As an employee, I’d experienced plenty of psychometric tests, often fascinating, but seldom useful. I’d learn something about myself, but the results rarely fed into anything that made team dynamics feel different. It all felt like away-day filler.
But what if that kind of insight could inform everything?
I asked myself: as founders, should we bring our whole selves to work, or should we build our true selves into the work we do?
It was time to build something that reflected how I think, lead, work and emote. Something I could stay inside without losing myself.
As this evolved into Lucky Start, I began to notice how many of my clients wanted the same thing. They often came looking for stronger messaging, but underneath, they were searching for a strategy that felt more like them. A way of working that could sustain them both financially and emotionally. One that would allow for real depth without depending on sheer endurance.
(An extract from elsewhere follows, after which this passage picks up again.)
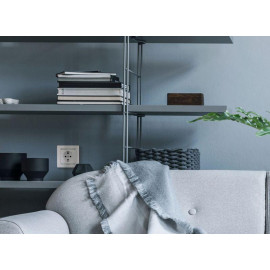 Розетка 1-м СП Valena 16А IP21 с заземл. на винтах механизм бел. IEK 774420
Most of the people who come to me for this kind of work are founders, creatives or leaders building something personal. They’ve outgrown their old strategy, or never really had one to begin with. They’re making real decisions about what to keep, what to let go of, and how to stay true to the kind of business they actually want to run.
The work we do together is shaped by the same instincts that built this business. There’s room for honesty, even when the answers are messy. There’s space to ask better questions and follow the thread. There’s structure that supports creativity, and clarity that respects taste. There’s an underlying care for the work, the business, and the person behind it.
I recently revisited my VIA strengths as part of this process. These are the top five that showed up:
Love – I work closely, hold trust carefully, and take the responsibility of someone’s story seriously
Creativity – I build tools that work in motion and find structure where others feel stuck
Curiosity – I ask questions that get to the root, not just the request
Appreciation of beauty and excellence – I notice what others miss, and I care about the quality of the work at every level
Honesty – I say what I see, clearly and with care, to help things move forward
These aren’t things I aim for; they’re fundamental to how I work and sustain my energy. They’ve shaped every part of this business, and taking this approach is helping shape others, too.
That’s how Lucky Start was designed and how it continues to evolve. Bringing authenticity to the work to help others find and maintain theirs.